CARMEL, Ind.– Gate Neurosciences today announced it has officially launched to develop its next-generation therapeutics addressing synaptic dysfunction in patients suffering from central nervous system (CNS) disorders.
Gate was founded in 2019 by a team of neuroscience industry veterans to address the increasingly urgent need for more effective treatments for CNS disorders, and to overcome long-standing challenges in CNS drug development. Since its founding, the company has acquired a robust portfolio of next-generation compounds from large pharma, along with corresponding data from thousands of patients dosed across numerous clinical trials that will inform and de-risk future development.
“We formed Gate to bring forward precision medicine approaches to CNS disorders, such as biomarkers and enrichment for responders, similar to the early days of targeted oncology drug development” remarked Anantha Shekhar, co-founder of Gate Neurosciences and Senior Vice Chancellor for Health Sciences and Dean of the University of Pittsburgh School of Medicine. “Gate’s lead programs are supported by a uniquely robust package of clinical and translational data across thousands of patients, and we’re excited to continue advancing the molecules using deep precision insights.”

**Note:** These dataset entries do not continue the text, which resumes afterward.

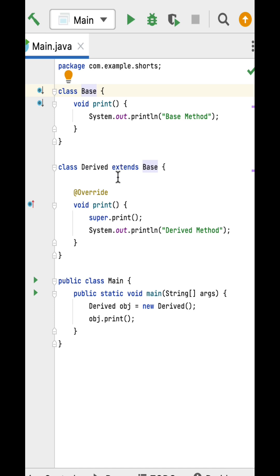Next, here is a Derived class that extends Base class and overrides the print method from the Base class and prints 'Derived Method'. Here is a Main class with a main method which is the entry point of this program.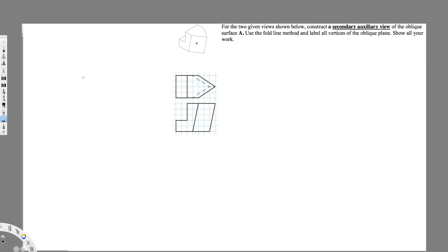We have this question right here asking for the two given views shown below: construct a secondary auxiliary view of the oblique surface A, use the fold line method, and label all vertices of the oblique plane and show all your work.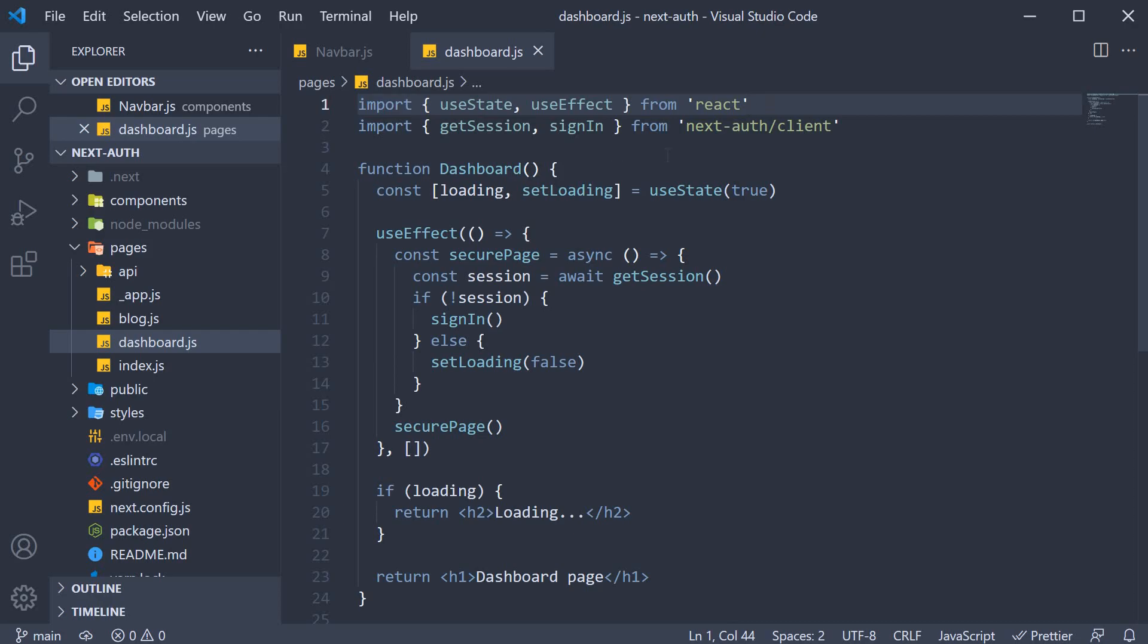In the previous video, we learned how to secure pages with the getSession function. We saw that the useSession hook was always in a loading state, which is why we had to resort to this getSession function.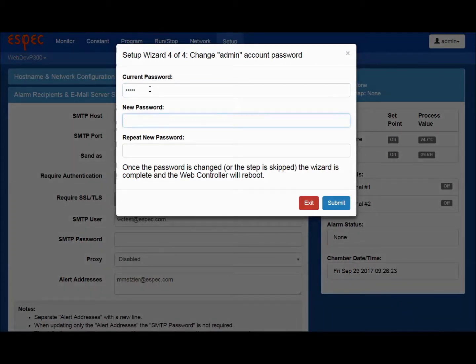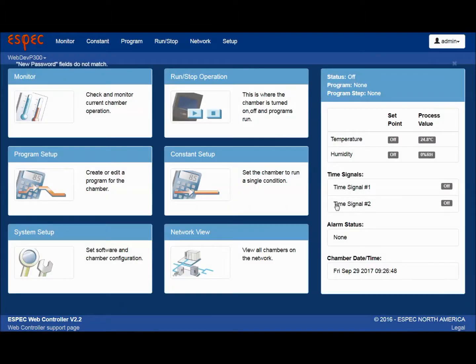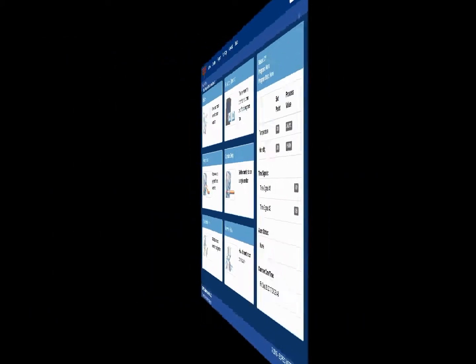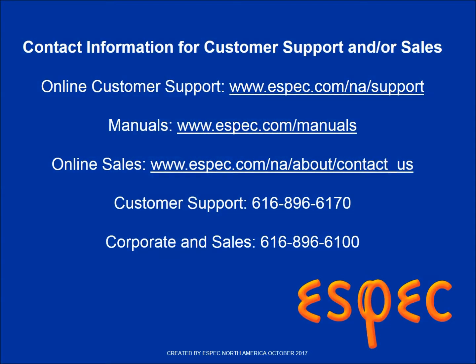Your web controller is now set up and ready for use on your computer. You can easily monitor the conditions, set up programs, and collect data for analysis, all from your PC. If you have any additional questions, please reference your chamber manuals or contact ESPEC customer support.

The company is focused on developing novel mechanisms that address synaptic dysfunction underlying neuropsychiatric and cognitive disorders, including major depressive disorder (MDD). Gate’s lead programs stem from a platform of novel NMDA receptor modulators that have demonstrated rapid, durable, and safe outcomes across multiple published and unpublished clinical studies. The company’s unique mechanism represents a more direct and well-tolerated approach to enhancing synaptic function and neuroplasticity, compared to ketamine and other next-generation rapid antidepressants.
“Current therapies for mental health disorders are extremely inadequate and patients need better options. There has never been more evidence that enhancing underlying synaptic function is the ideal therapeutic approach” commented Mike McCully, Chief Executive Officer at Gate. “We believe our novel synaptic modulators are the most potent and proven compounds that enhance synaptic function to achieve rapid, durable, and safe outcomes with potential across a wide range of neuropsychiatric disorders.”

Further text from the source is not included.